Soon after 3pm I began pushing, pushing removed all the pain of the contractions but it was hard work and I was exhausted, I have never pushed so hard in my life and each time a contraction came I had to work hard to do it. If I pushed there was no pain, but I was also too tired to push, so I made a deal with myself, push with every second contraction, take the pain on the others, Mark STILL wasn’t with me.
Asking where he was and waiting for him, kept me in the here and now and prevented me entering that relaxed detached state where you let labour take over. I had to stay present and worry about where Mark was and when, or if, he would make it. I pushed for what seemed like hours and got, I felt, nowhere. The reality was that I had been pushing for almost two hours. At this point I was declining fetal heart monitoring as I couldn’t stand to be touched and I knew my baby was OK. It seems ridiculous now, but I was talking to him and we were working together to complete his birth. Having someone put a Doppler to my stomach every 5min was only disrupting this delicate process.

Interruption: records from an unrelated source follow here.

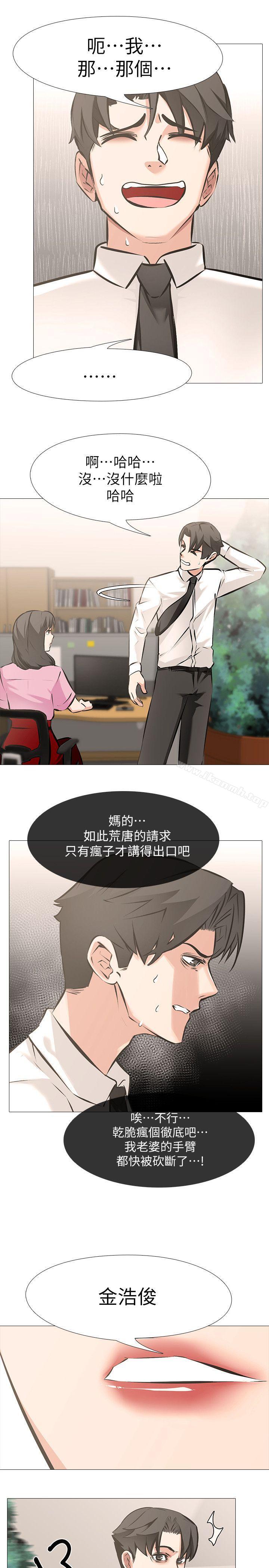 《虐妻遊戲》漫画 第5話111-111第2個任務：女同事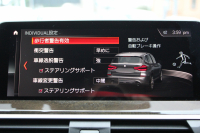 BMW X3 Xdrive20d Mｽﾎﾟｰﾂ ﾊｲﾗｲﾝ ﾓｶﾚｻﾞｰ 全席ﾋｰﾀｰ ﾗﾝﾊﾞｰｻﾎﾟｰﾄ HUD 液晶ﾒｰﾀｰ LEDﾍｯﾄﾞﾗｲﾄ ｵｰﾄﾊｲﾋﾞｰﾑ 追従ACC ｽﾃｱﾘﾝｸﾞｻﾎﾟｰﾄ ﾀｯﾁ画面HDDﾅﾋﾞTV 360度ｶﾒﾗ 電動ﾄﾗﾝｸ ﾊﾟﾄﾞﾙｼﾌﾄ Bluetoothｵｰﾃﾞｨｵ 2年保証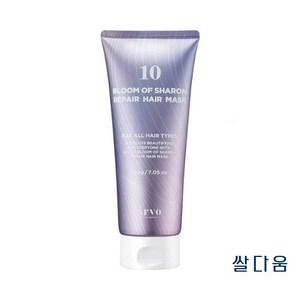 에이르보 10 블룸오브샤론 리페어 헤어마스크, 200g, 1개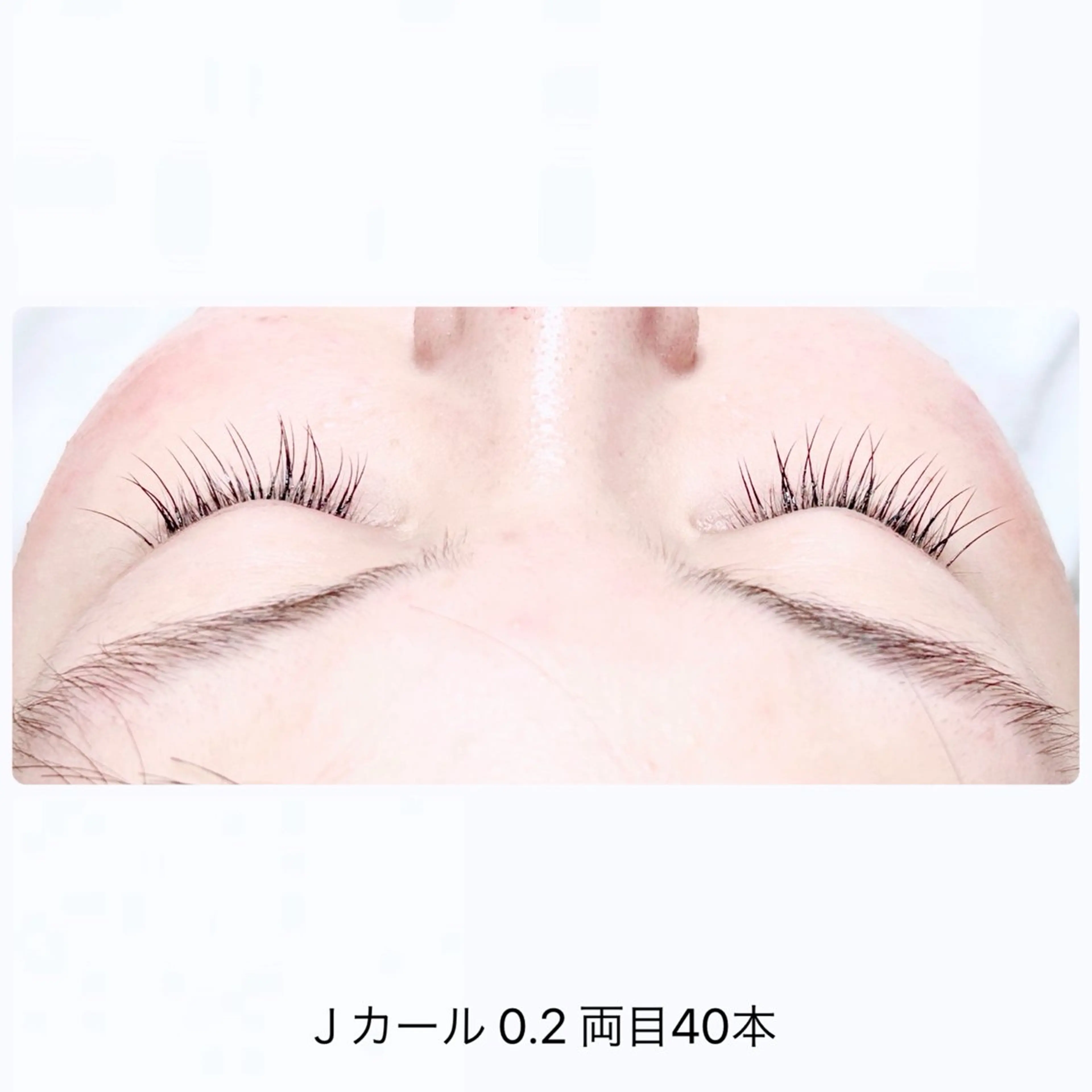 セーブルマツエク両目40本☆の写真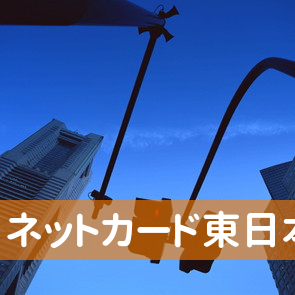 東京都墨田区のネットカード（株）東日本コンタクトセンターへ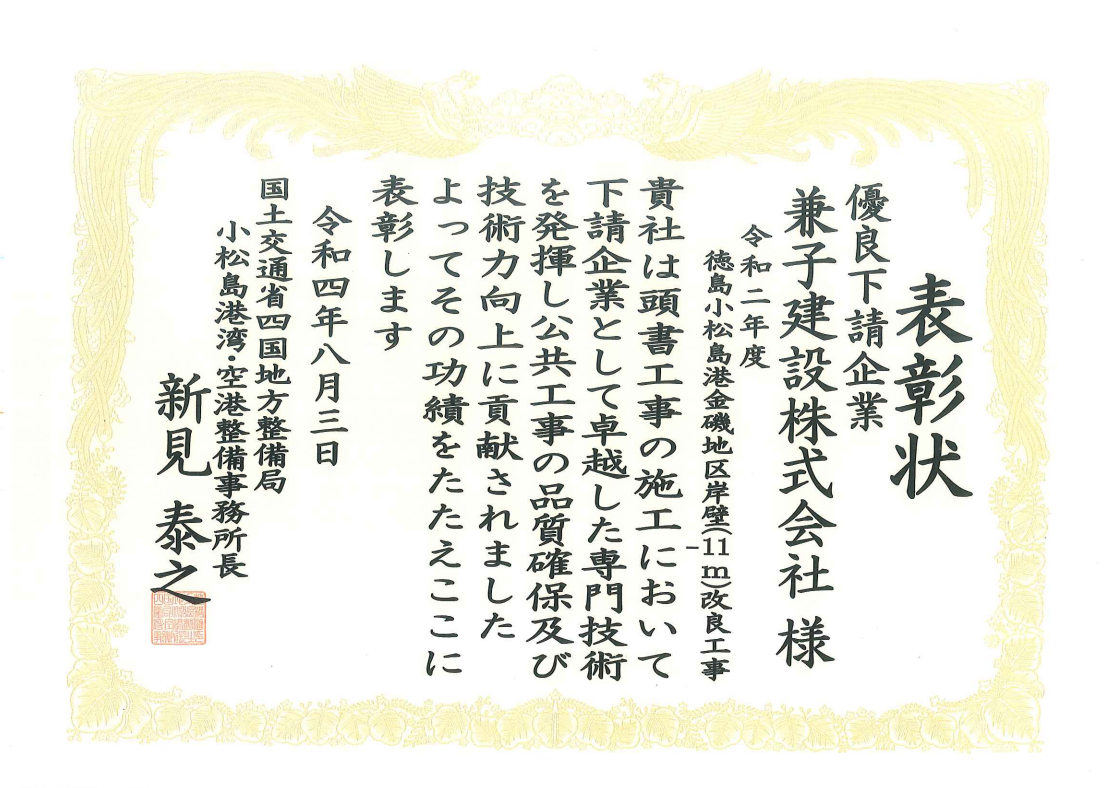 令和4年度 国土交通行政関係功労者表彰（令和2年度 徳島小松島港金磯地区岸壁（-11m）改良工事）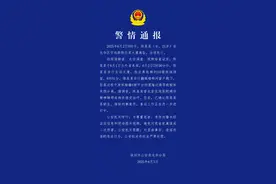 深圳警方：陈某某（女，21岁）高空坠亡图片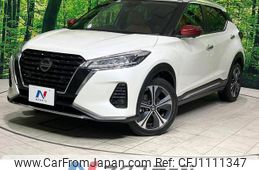 nissan nissan-others 2022 quick_quick_P15_P15-041466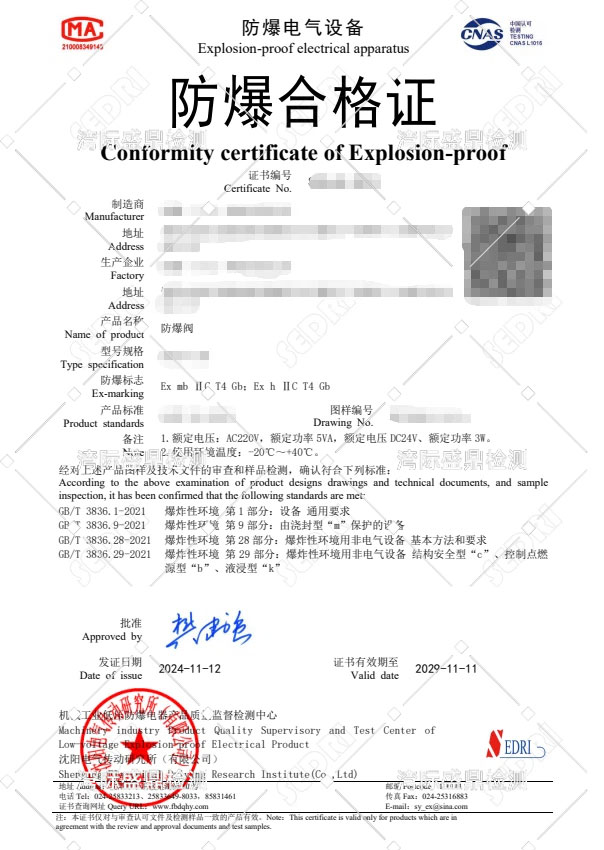 防爆閥澆封型防爆合格證案例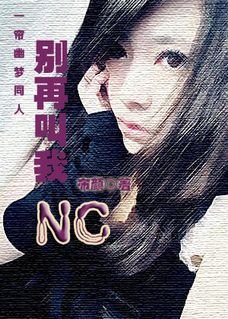 《(一簾幽夢同人)一簾幽夢之別再叫我NC》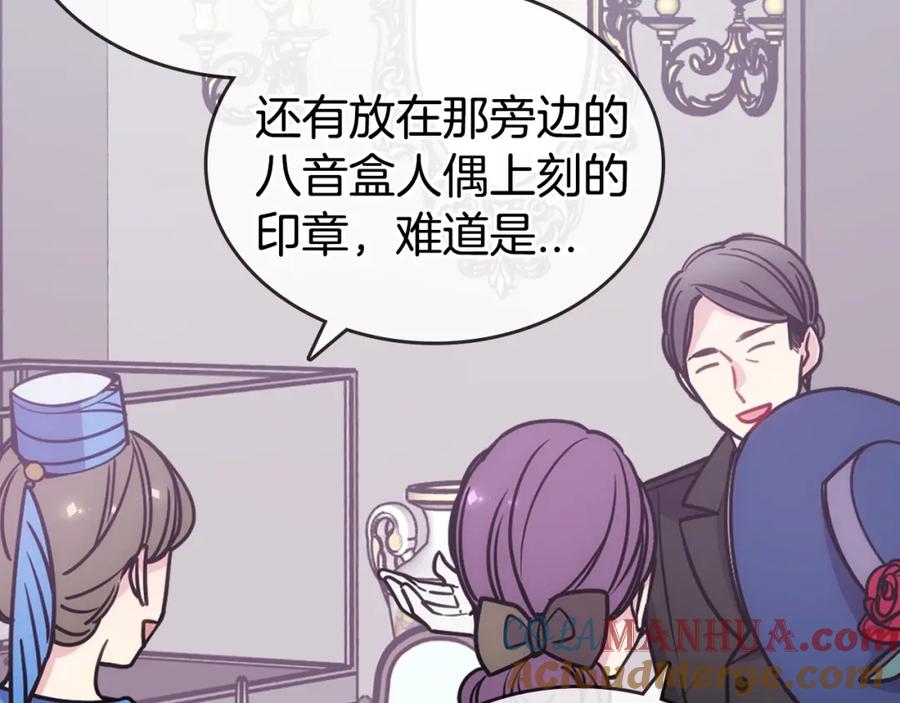 《阿黛尔的冷面公爵》第78话 一生挚爱 第37页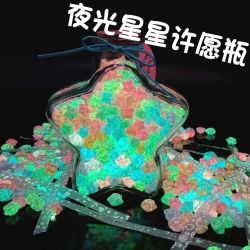 巧冠 Qiaoguan 巧冠 夜光幸运星星折纸 发光幸运星瓶 创意DIY手工礼盒 星星纸 可写字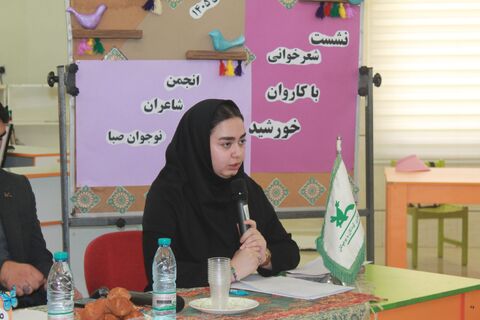 پنجاه‌وهشتمین نشست «صبا»؛ از شعرخوانی نوجوانان تا نقد و گفت‌وگو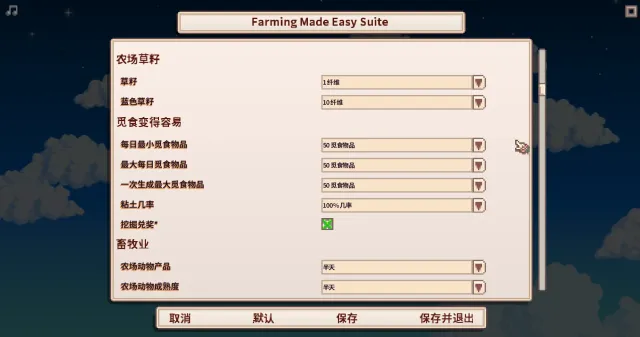 好的,请提供需要翻译的游戏内容。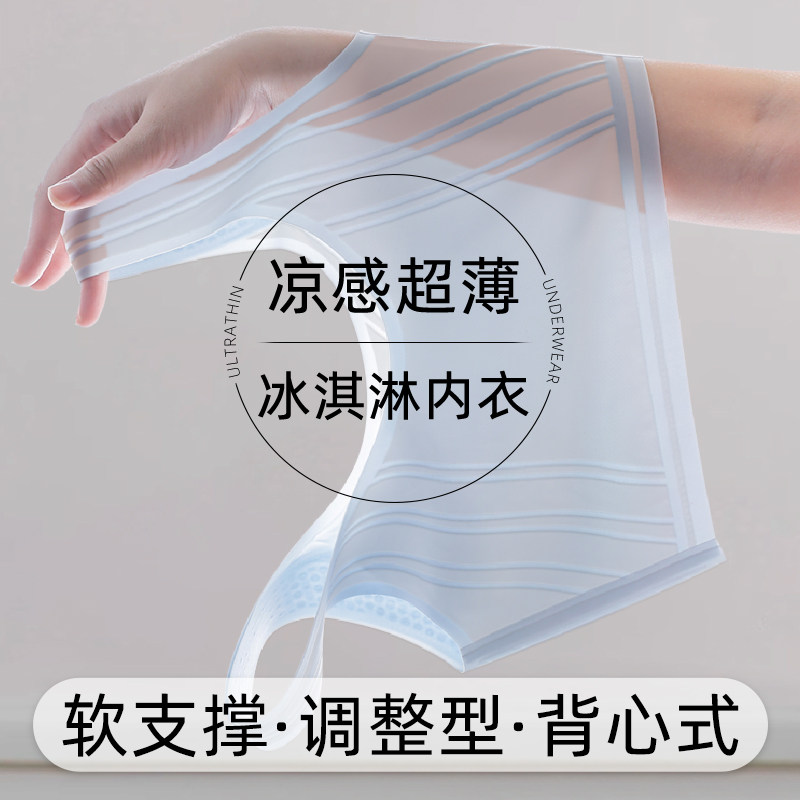 前扣小胸聚拢内衣女超薄款全罩杯收副乳防下垂夏季凉感无痕文胸罩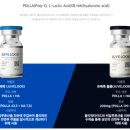 리마인드피부과의원 이미지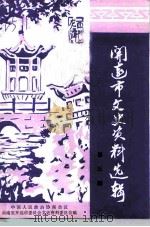 开远市文史资料选辑  第3辑（1990 PDF版）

In the UK two midwives are always present for a birth and as it appeared that Mark would miss the birth, I asked that the second midwife to start photographing the birth, once she started she kept going until he was born and we have ended up with a lovely record of the birth.
When I really felt I could no longer push any more Mark finally arrived. It was now 5:15. I had been desperately missing him to pull on, his strength helped me push and I needed him to ground me and give me renewed strength.
Now I pushed in earnest. It felt like forever, then the midwife said the head had crowned but wasn’t fully extended, The head felt massive and I was scared to push it out completely but had no choice. Then I felt a massive “pop” and the head was out, I remember saying to the midwife “Oh no, I think I ripped”. Then the contractions stopped and I had a rest, my son had decided to come as a compound presentation with his hand right up by his face. This was part of the reason that pushing took so long and so much effort. After a while I heard the midwife say to Mark, “If the baby doesn’t come with the next contraction I’ll need her out of the pool”, I started to panic, thinking I was going to have a shoulder dystocia. The next contraction came and the midwife pulled William’s hand straight to assist him out. When he was finally born I physically couldn’t pull him up from under the water due to a combination of my exhaustion and his sheer size, we later found out he was a 4,1kg or 9.3 lb baby; a massive size for a first vaginal delivery with a compound presentation!
Then we all sat in shock, amazement and thanks. We were all here to see Williams first peaceful breath in (almost), our own home!